People will fall for the ploy and start to ask for the product as they also have similar challenges with the first buyer. The seller and his or her co-seller will come down at the nearest bus stop to the point where they have sold to interested buyers and join another bus, the same way they joined the first bus. It is common to see in auto markets or online auto marketing sites a sign with “sold” placed on one or two vehicles whereas they have not been sold. This is to assure prospective buyers that despite the condition of the country’s economy, people are still buying vehicles. People are competitive in nature. When travelling from a city to another city, Nigerian passengers will want to enter a bus or car that is almost full. Most drivers usually use a “dummy” passenger to act as “magnet”. The dummy passenger is not travelling anywhere.

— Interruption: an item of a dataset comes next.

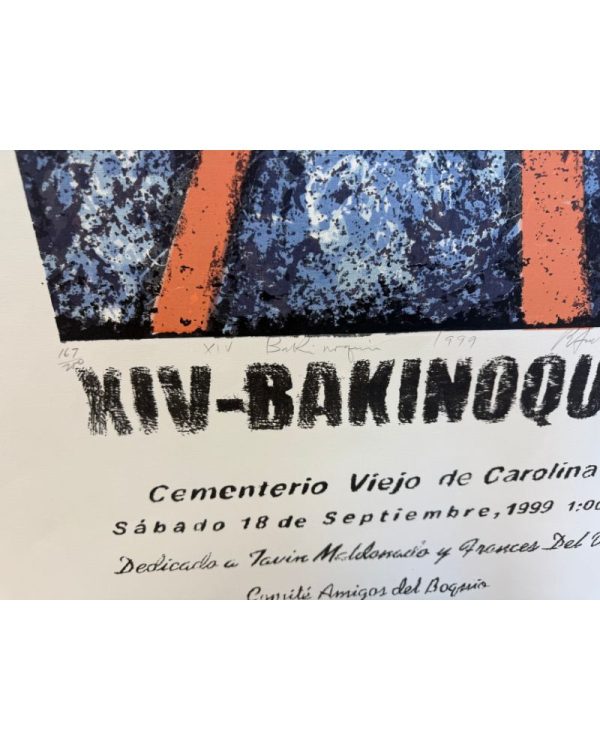 Obra 19 - XIV Bakinoquio - Image 2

Induced sale is a good market penetration strategy. Market penetration is a measure of how much a product or service is being used by a customer compared to the total estimated market for that product or service. Market penetration can also be used in developing strategies employed to increase the market share of a particular product of service. In a market of 40 million people, if a product could only sell 2 million, then market penetration is 2 million divided by 40 million, multiplied by 100 over 1. This is five percent. It means 5 out of 100 or 1 out of 20 people are using the product or service. In some big supermarkets, some products are first displayed on shelves and later withdrawn. Regular visitors to the supermarket will misinterpret this practice to be a good sale, and rush to buy theirs.
Induced marketing is an innovative method of selling goods, products and services. Though common market penetration strategies include reducing prices of goods, products or services to win customers; acquiring major competitors; introducing new products that will be competitive in the market; and or targeting new markets to spread sales, it is a common practice in the marketing world to induce sales through third parties. Some cinemas will advertise on Monday that a film will be shown in a 200 sitter’s hall on Friday. By Tuesday they will advertise again that 100 seats have been sold. Since man gives great consideration to what others around him are doing, people will start to rush to buy their tickets before the tickets get exhausted. This practice is also a popular strategy for holiday-packagers!
As social animals, human beings hate rejection by other people; they therefore, do what others are doing even where it means they have to inconvenience themselves. People always do what their peers are doing at any particular time. Human beings do not live in a vacuum, they always want not to be seen as social misfits, and will do everything possible to do what others are doing or what they think others are doing. A manufacturer will sell by giving out his unsold products to users free of charge or paying some known buyers to come to its sales department to buy its products. When a manufacturer exhibits its products in a supermarket and sends some sponsored buyers to buy its products in the market to induce the sales of these products to the public, it is induced sales. And it is a good marketing programme.